### Problem to solve
Pictures are to be left out. Return exactly the lines below from the one with "Trump choisit finalement" up to and including the one with "Manisa'da katliam gibi".

### Source data
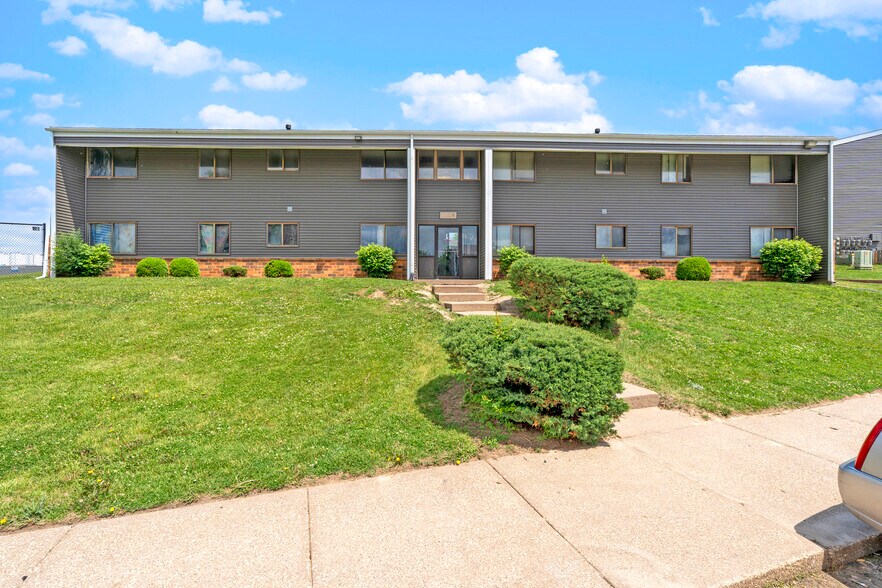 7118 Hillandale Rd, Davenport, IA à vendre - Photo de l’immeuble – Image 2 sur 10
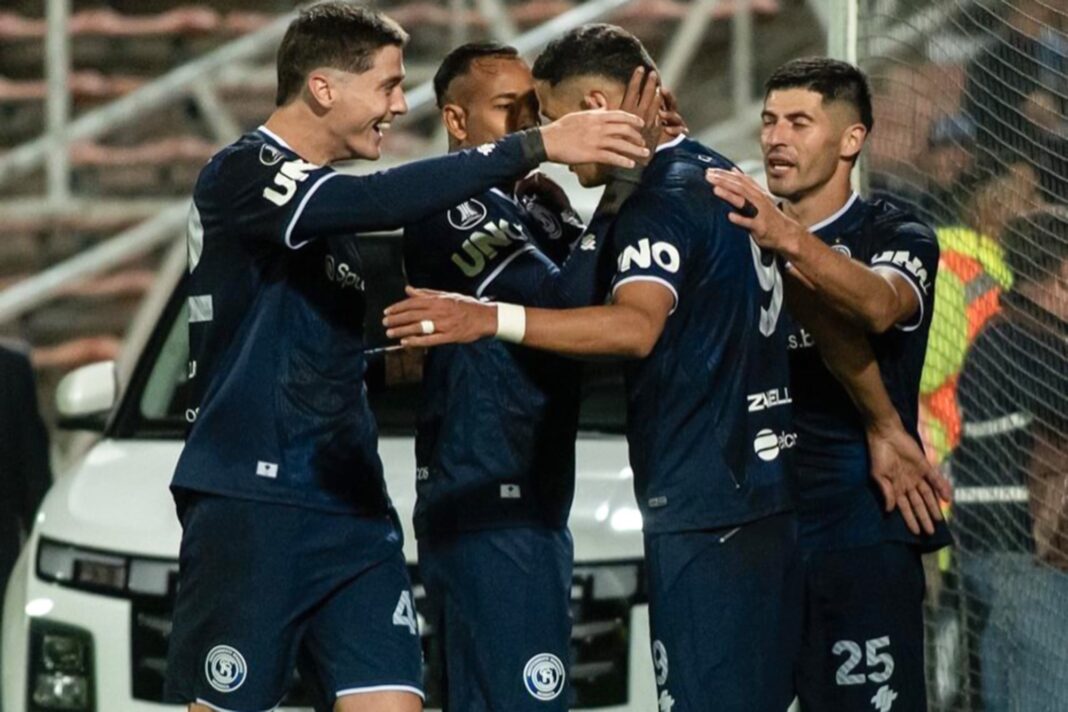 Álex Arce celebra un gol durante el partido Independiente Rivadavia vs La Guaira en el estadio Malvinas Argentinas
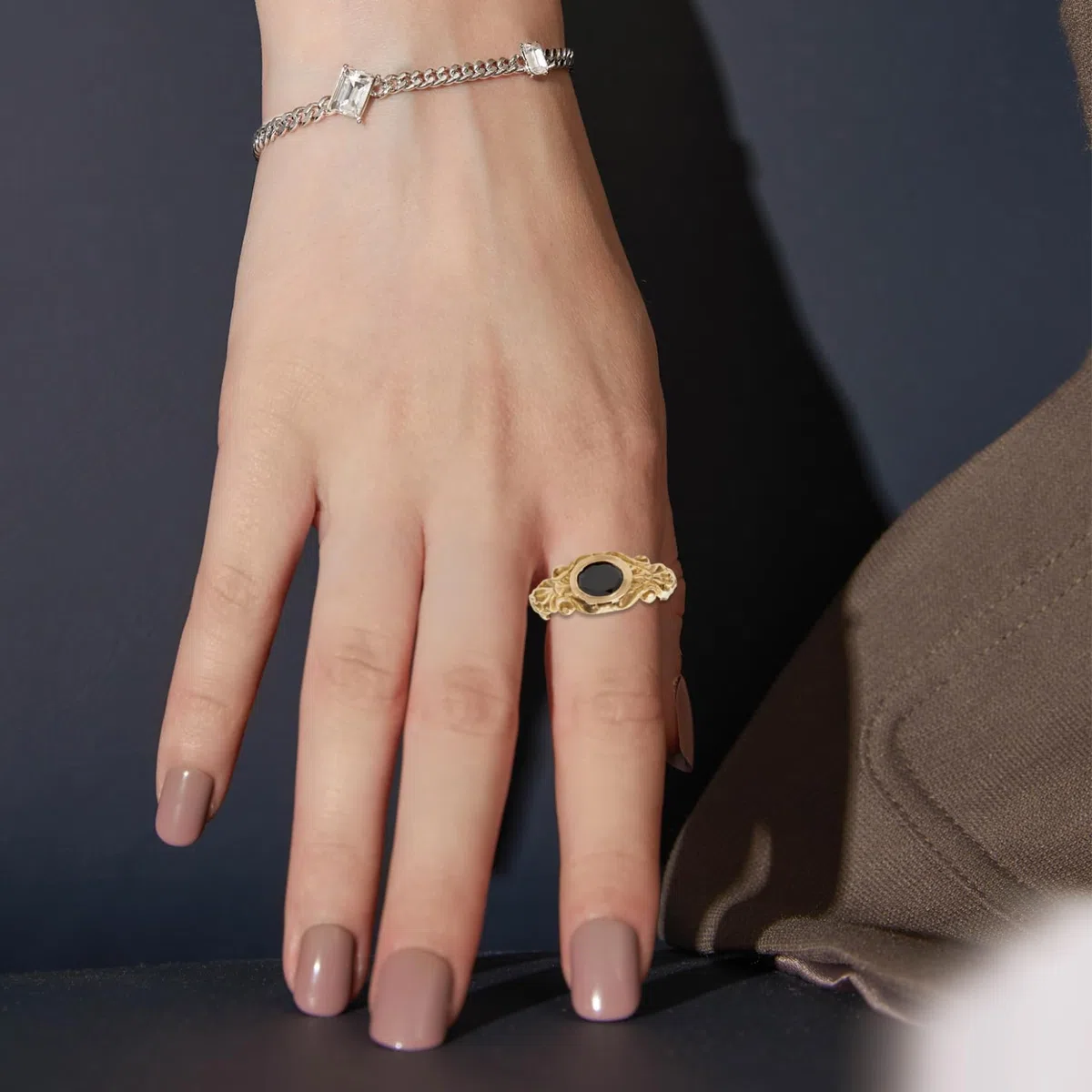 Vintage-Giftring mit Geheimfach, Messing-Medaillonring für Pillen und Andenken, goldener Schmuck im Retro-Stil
--
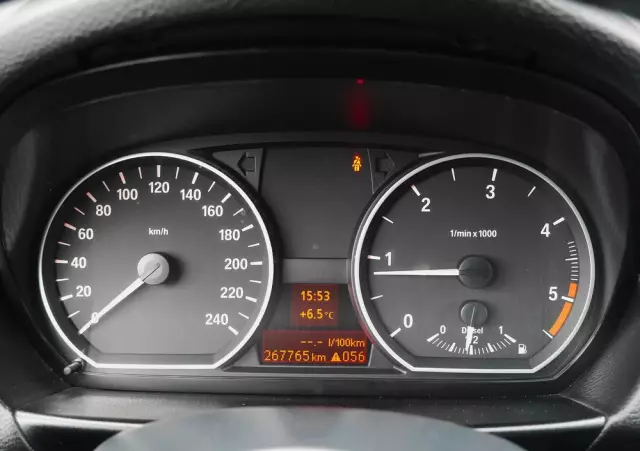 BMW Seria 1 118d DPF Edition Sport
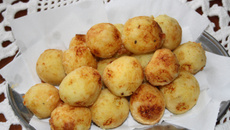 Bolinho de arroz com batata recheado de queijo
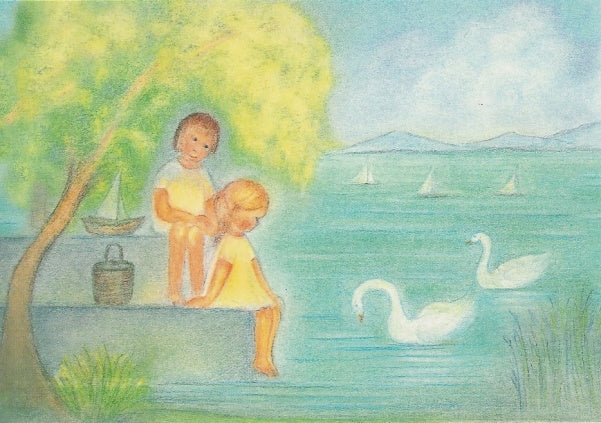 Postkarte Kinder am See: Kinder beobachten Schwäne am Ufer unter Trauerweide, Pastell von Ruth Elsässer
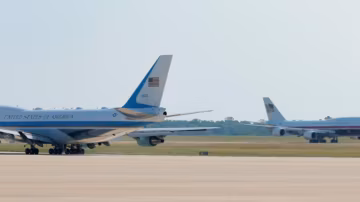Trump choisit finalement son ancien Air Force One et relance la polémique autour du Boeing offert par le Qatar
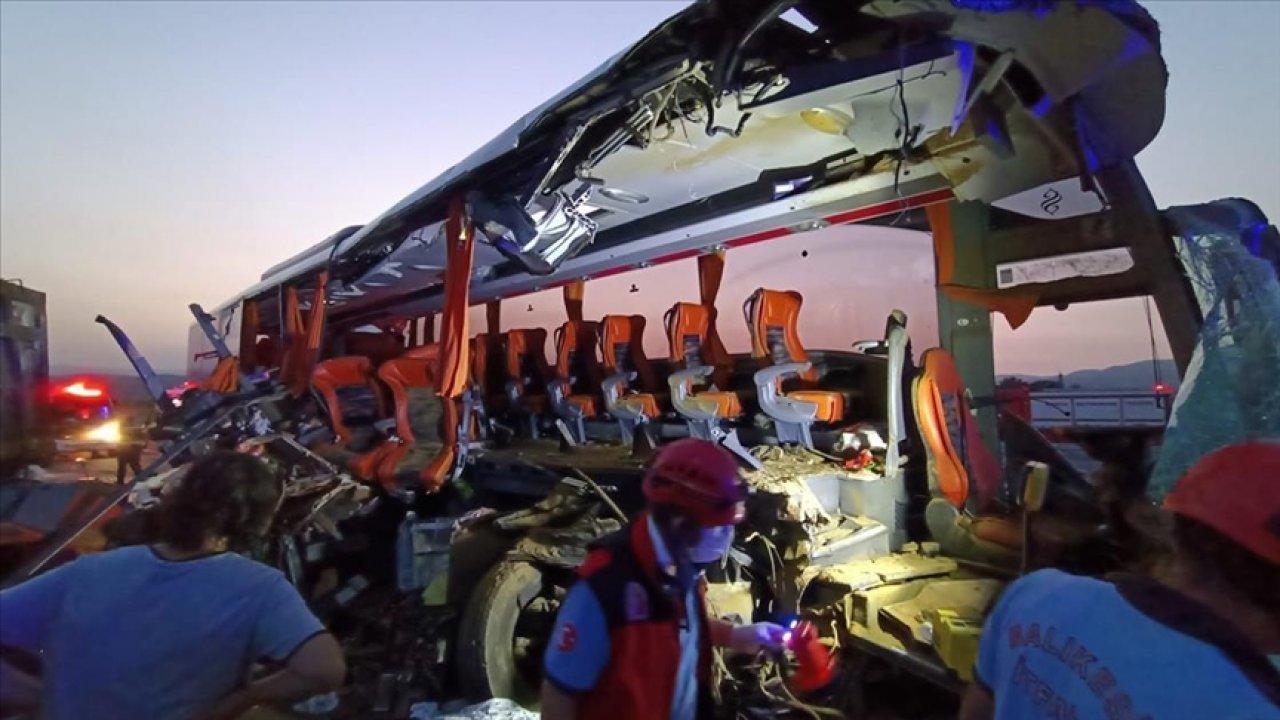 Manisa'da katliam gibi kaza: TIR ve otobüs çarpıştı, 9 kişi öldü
==
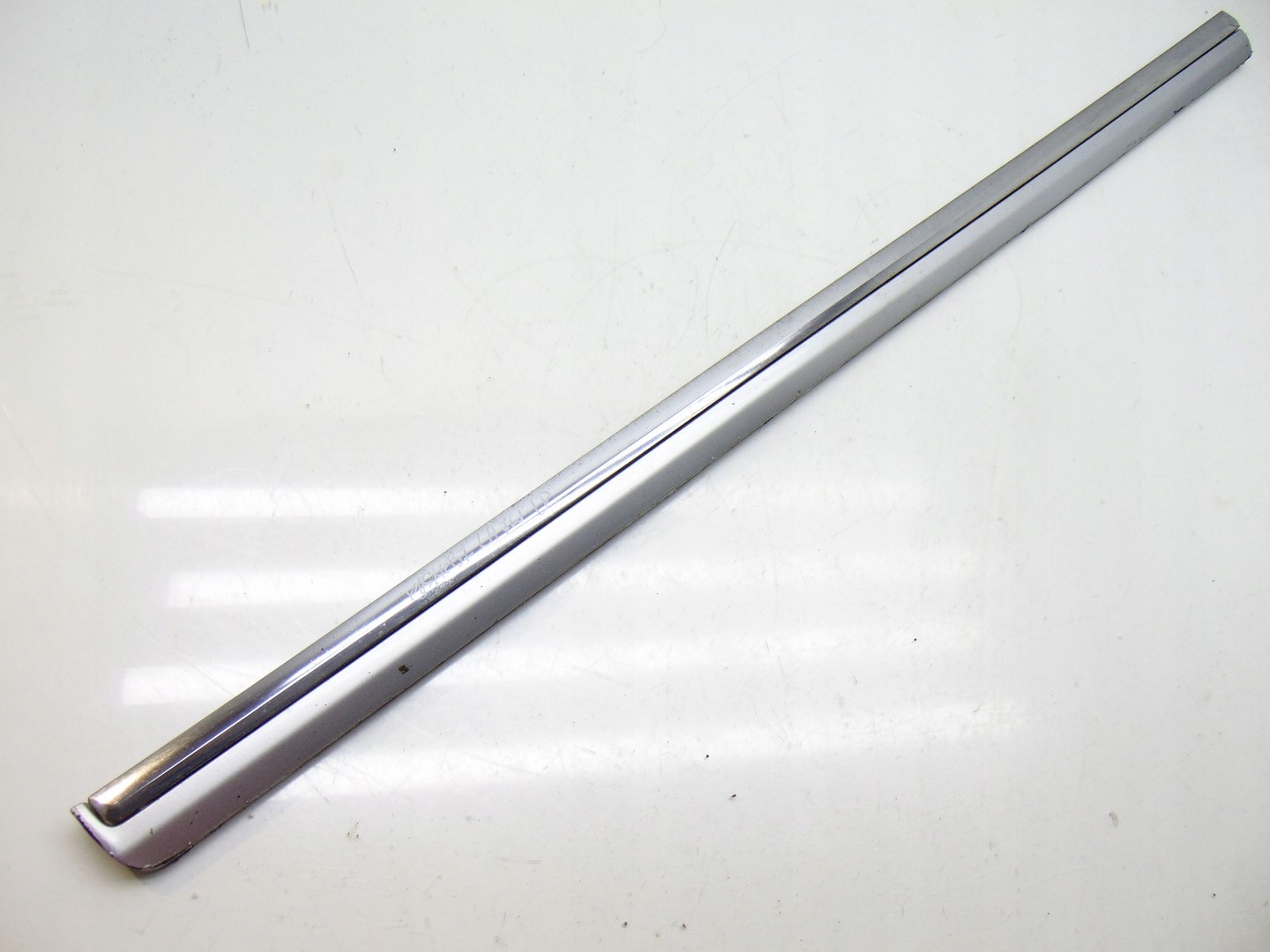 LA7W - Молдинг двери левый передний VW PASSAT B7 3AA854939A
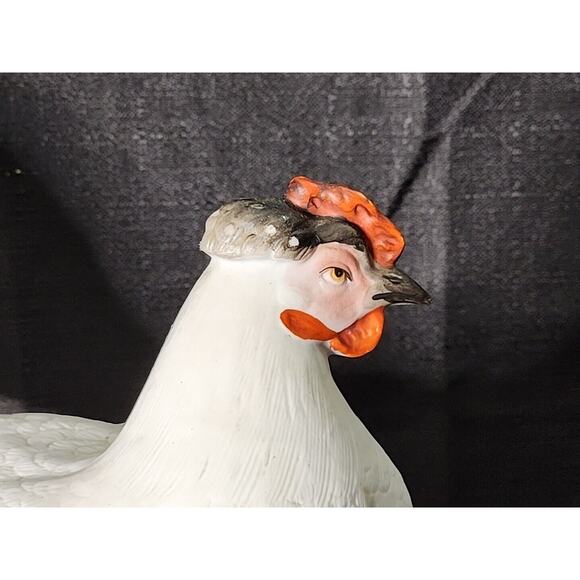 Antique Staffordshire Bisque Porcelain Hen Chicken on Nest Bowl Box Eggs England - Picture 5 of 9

### Final answer
Trump choisit finalement son ancien Air Force One et relance la polémique autour du Boeing offert par le Qatar
 Manisa'da katliam gibi kaza: TIR ve otobüs çarpıştı, 9 kişi öldü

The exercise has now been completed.